## PROVIDED DATA
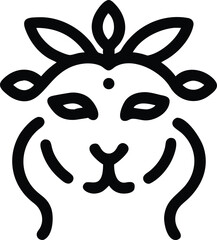 Fototapeta premium Mystical Animal Head Adorned with Foliage Representing Natures Spirit and Ancient Wildlife
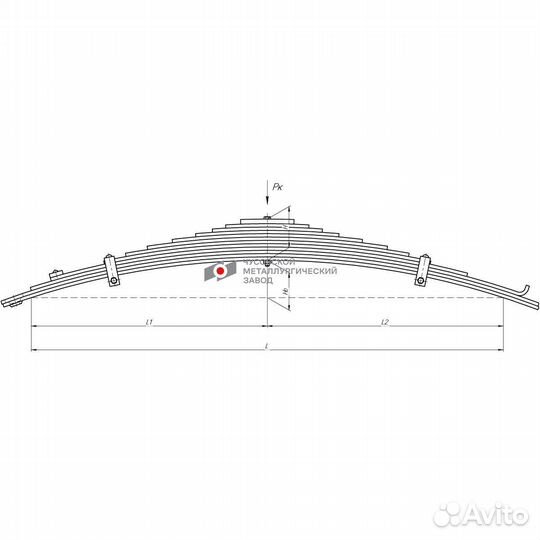 Рессора передняя 12-и л. урал-5557 без ушка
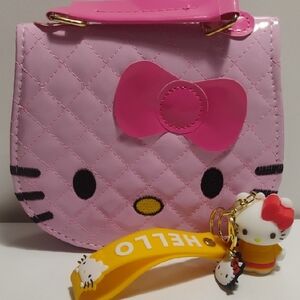 Hello Kitty Pink Purse With Crossbody Strap And Keychain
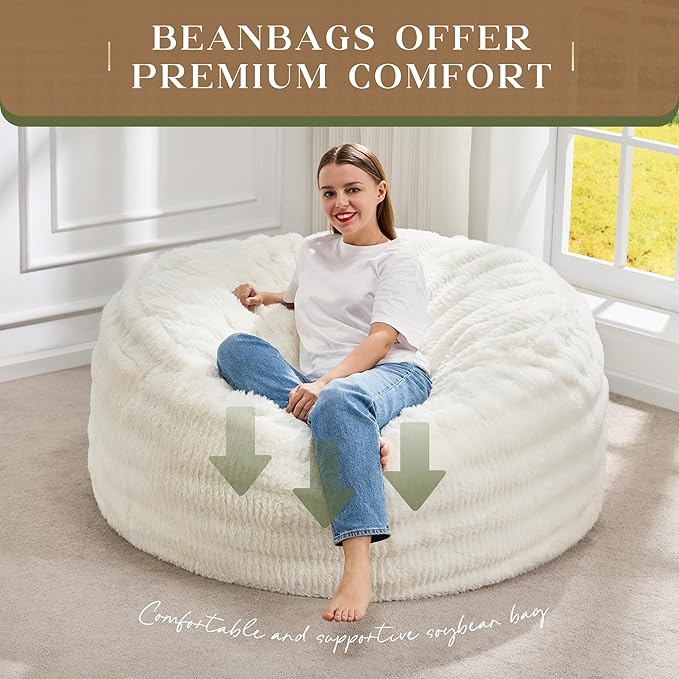 Hobestluk Bean Bag Chairs Beanbag Chair with Filler Adult Bean Bags with Fluffy Ripple Cover, Giant Bean Bag Chairs for Adults (White, 4FT - 44" x 44" x 24")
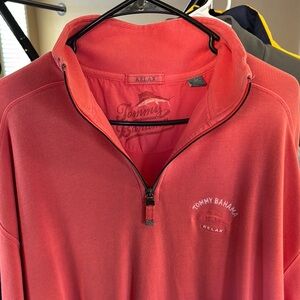 Tommy Bahama Red Zip Up Sweater Coral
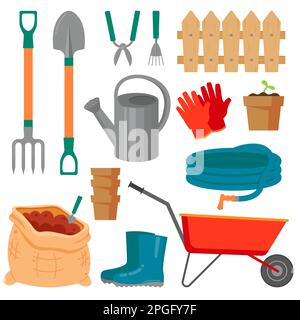 Big Collection Of Equipment For Gardening. Vector Illustration In Flat Style Stock Vector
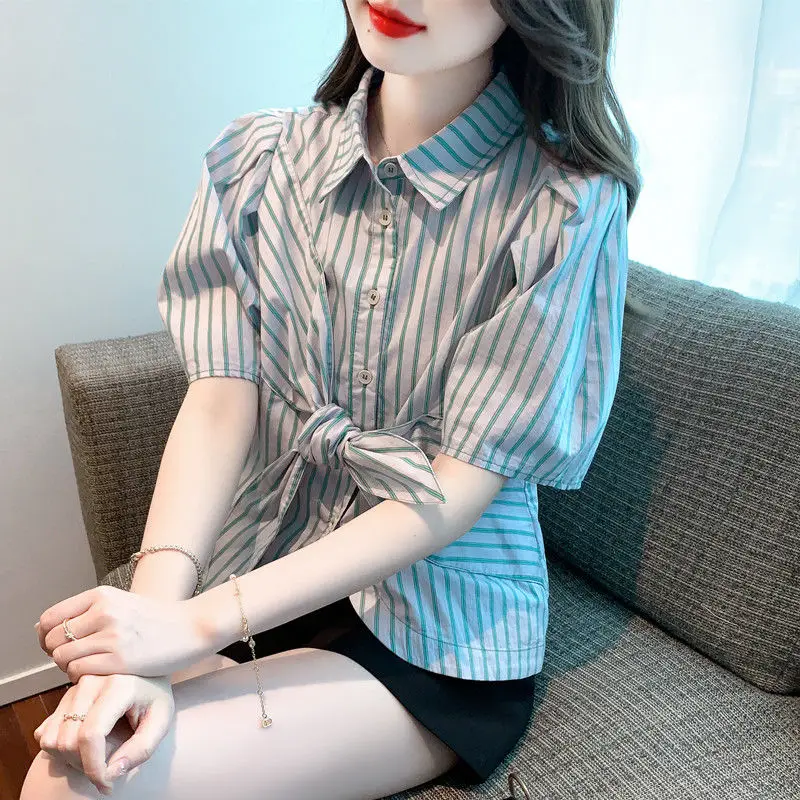 EBAIHUI Summer New Women's Short Sleeved Shirt Puff Sleeve Bow Design Ladies Blouse French Korean Striped Short Blusas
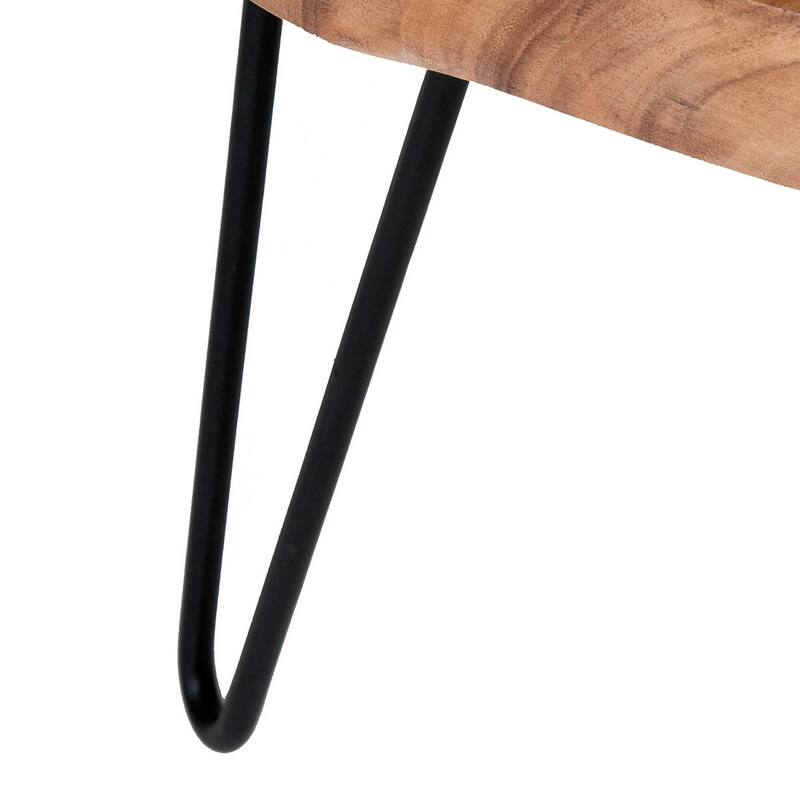 Cross-Cut Wood Slab Side Table With Iron Legs by East at Main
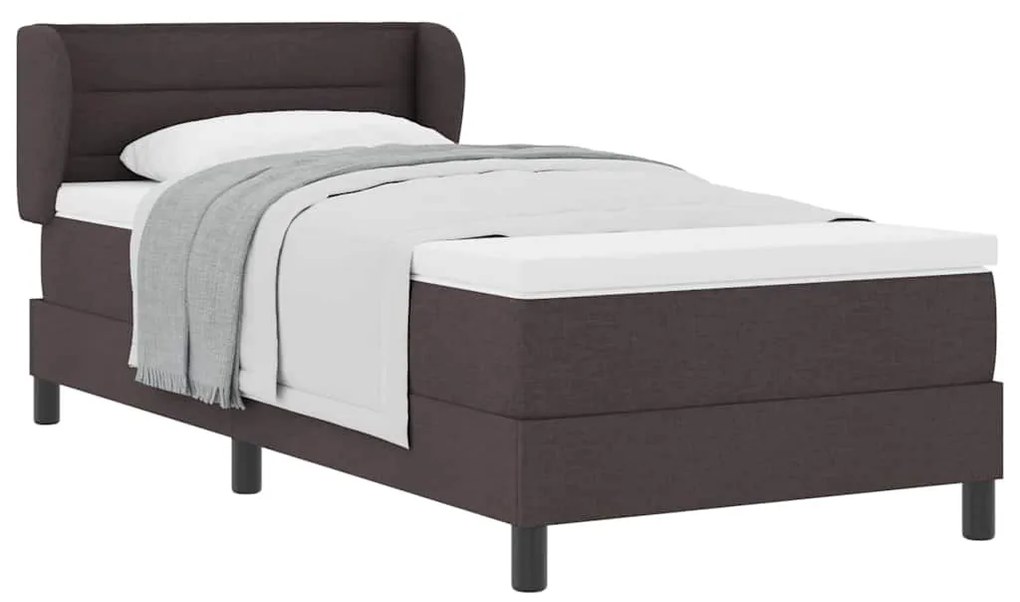 Cama Box Spring vidaXL com Colchão - Castanho Escuro, 80x200 cm, Tecid
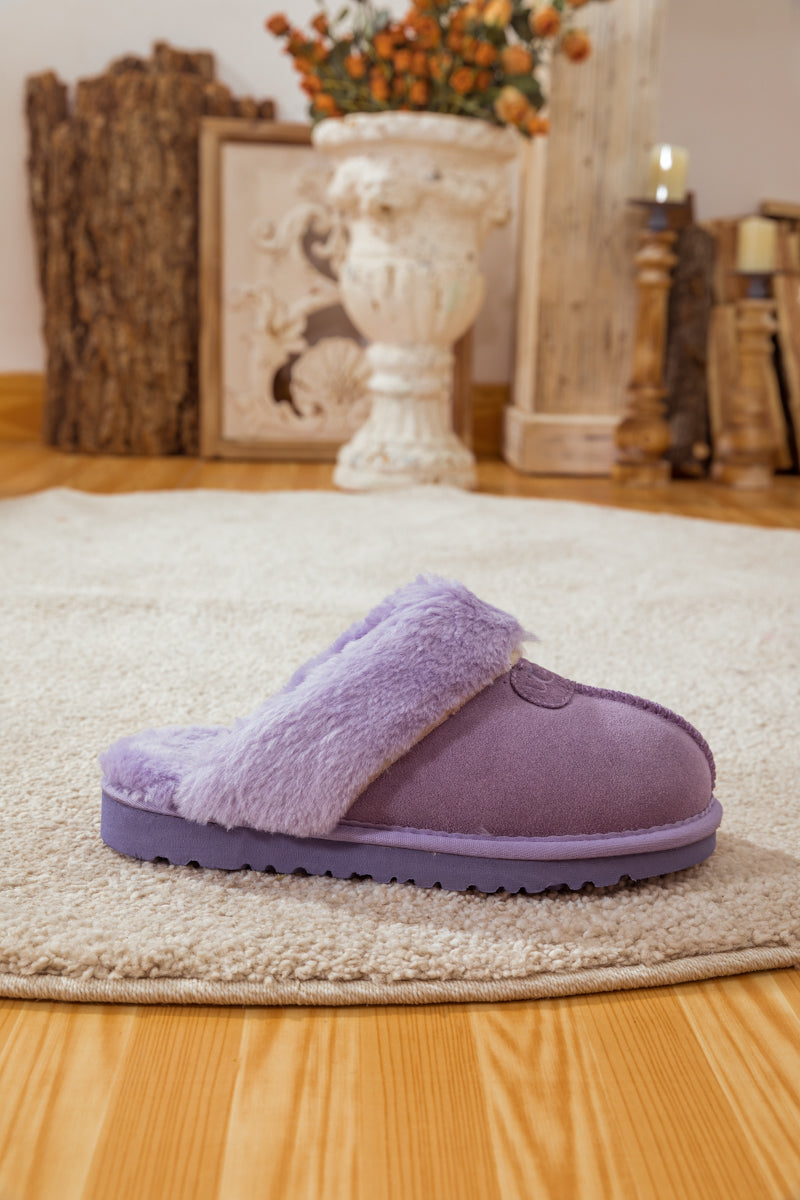 UGG Wool-Lined Suede Slipper - Lavender
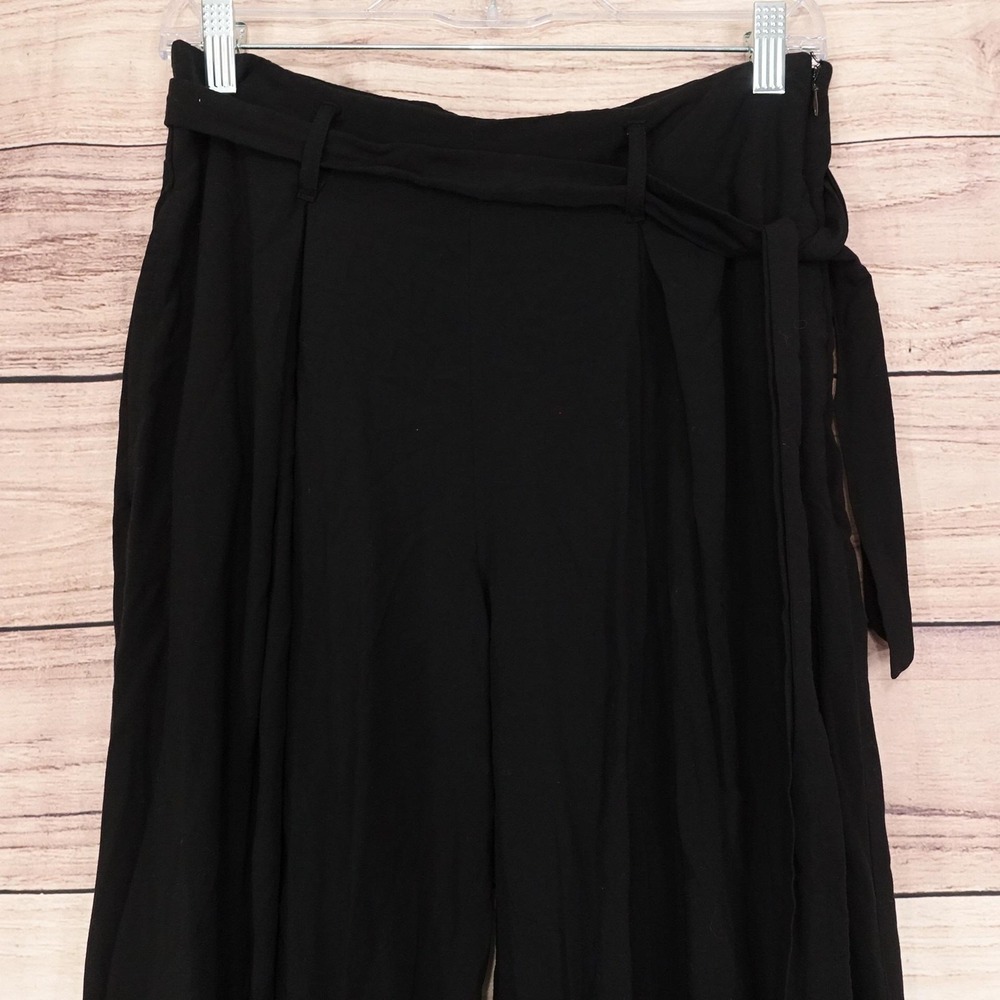 Banana Republic Pants Womens 4 Black Flowy Crepe Belted Dress Pants 29x27.5 - Picture 2 of 10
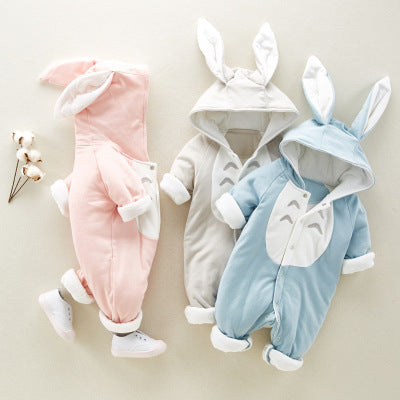 The new cotton padded cotton baby Baby Outerwear thickened chinchilla hooded cotton baby Onesies newborn go climbing clothes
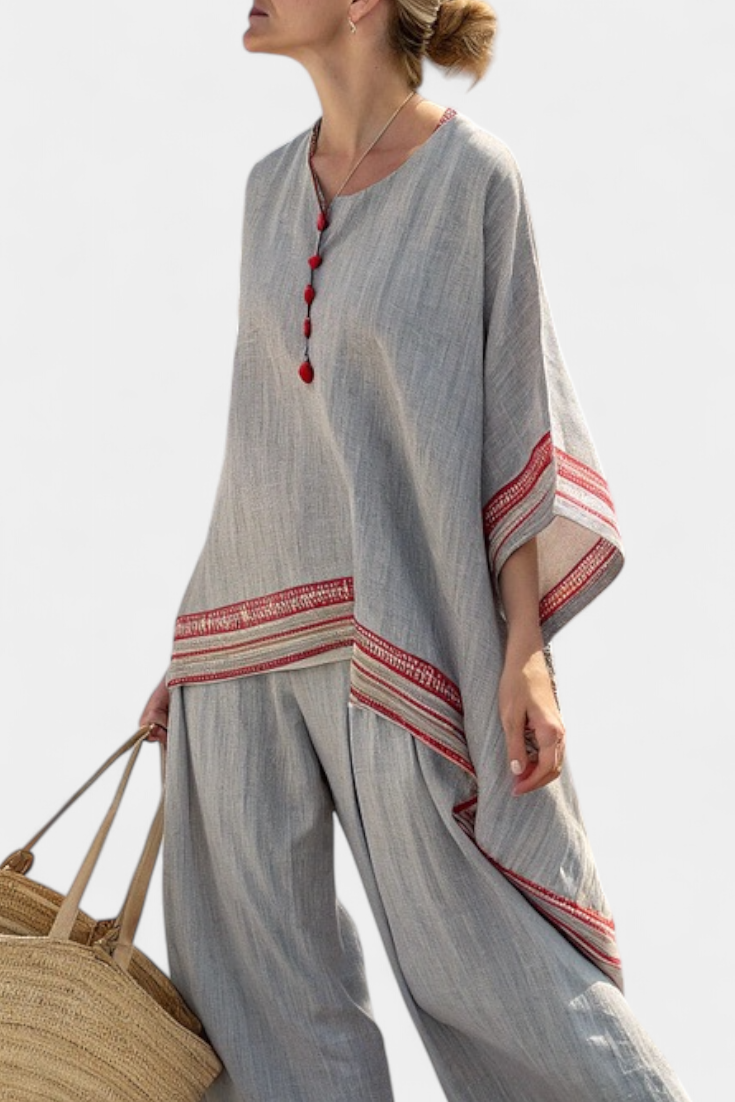 LUCIA LOPEZ™ | Conjunto Étnico De Blusa Asimétrica Y Pantalón Ancho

## ASSIGNMENT
The reply should hold the entries above from the line with "Hello Kitty Pink" to the line with "Tommy Bahama Red Zip Up Sweater Coral", duplicated exactly, pictures excluded.

## RESPONSE BOX
 Hello Kitty Pink Purse With Crossbody Strap And Keychain
 Hobestluk Bean Bag Chairs Beanbag Chair with Filler Adult Bean Bags with Fluffy Ripple Cover, Giant Bean Bag Chairs for Adults (White, 4FT - 44" x 44" x 24")
 Tommy Bahama Red Zip Up Sweater Coral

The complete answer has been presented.